# Data extract
━━━
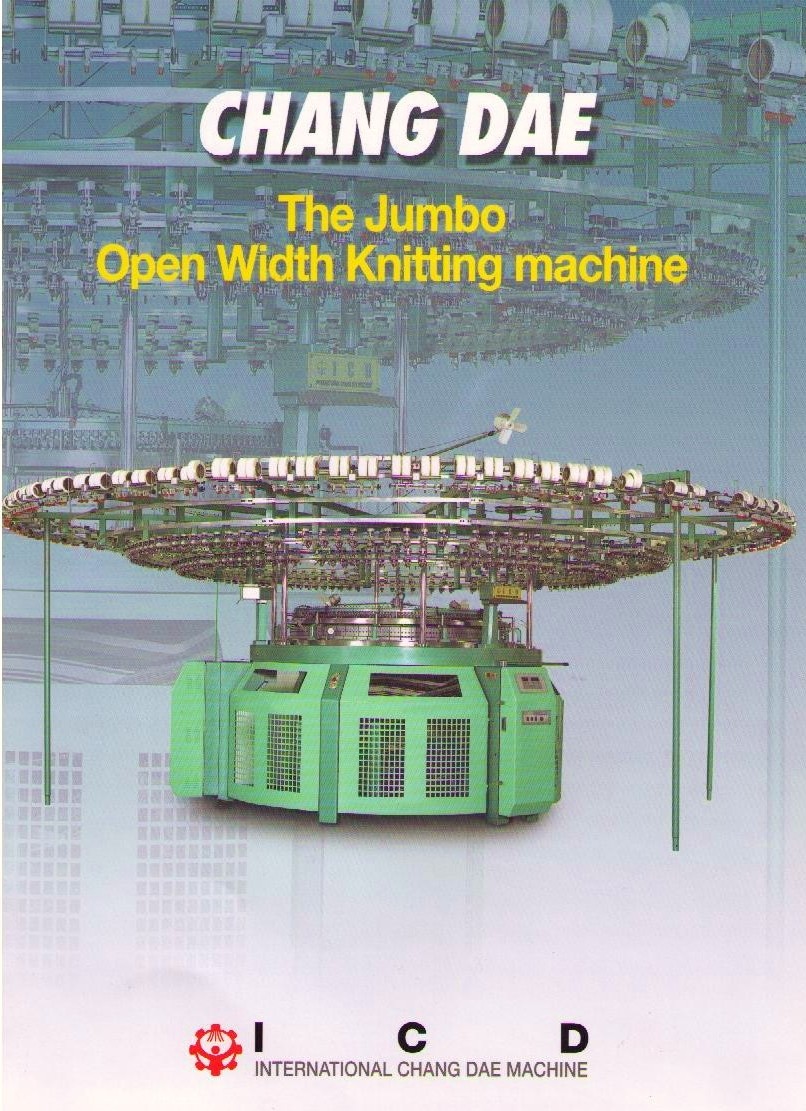 Jumbo open width knitting machine Made in Korea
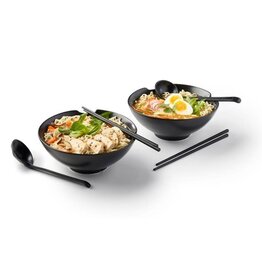 Ricardo Ens 2 bols Ramen - Noir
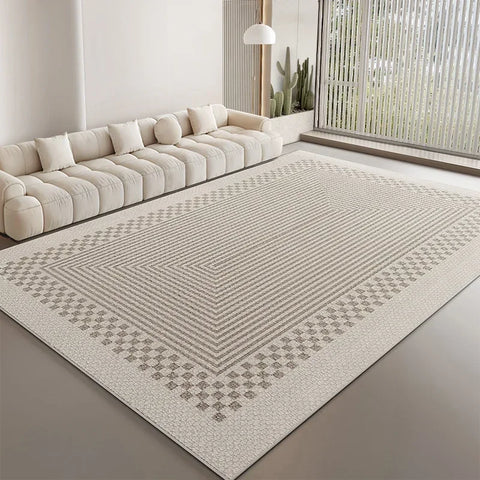 Navak Carpet Exclusive Picks Cremefarbener Schlafzimmerteppich, schlichter Bett-/Tischkissenteppich, leichter Luxus-Wohnzimmerteppich, komplettes Sofa, Kaffee, Heimdekoration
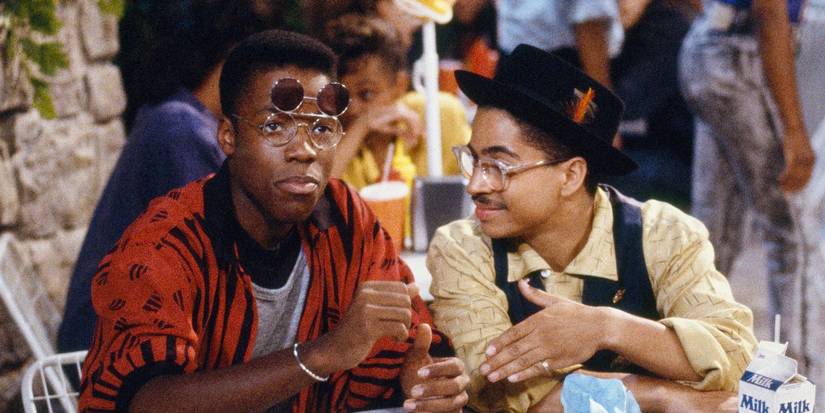 A Different World - Dwayne & his friend talk at lunch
━━━
# What is needed
Exact reproduction is required for the lines from the one containing "Navak Carpet Exclusive" through the end of the material, and for those lines only, without pictures.

# Task result
 Navak Carpet Exclusive Picks Cremefarbener Schlafzimmerteppich, schlichter Bett-/Tischkissenteppich, leichter Luxus-Wohnzimmerteppich, komplettes Sofa, Kaffee, Heimdekoration
 A Different World - Dwayne & his friend talk at lunch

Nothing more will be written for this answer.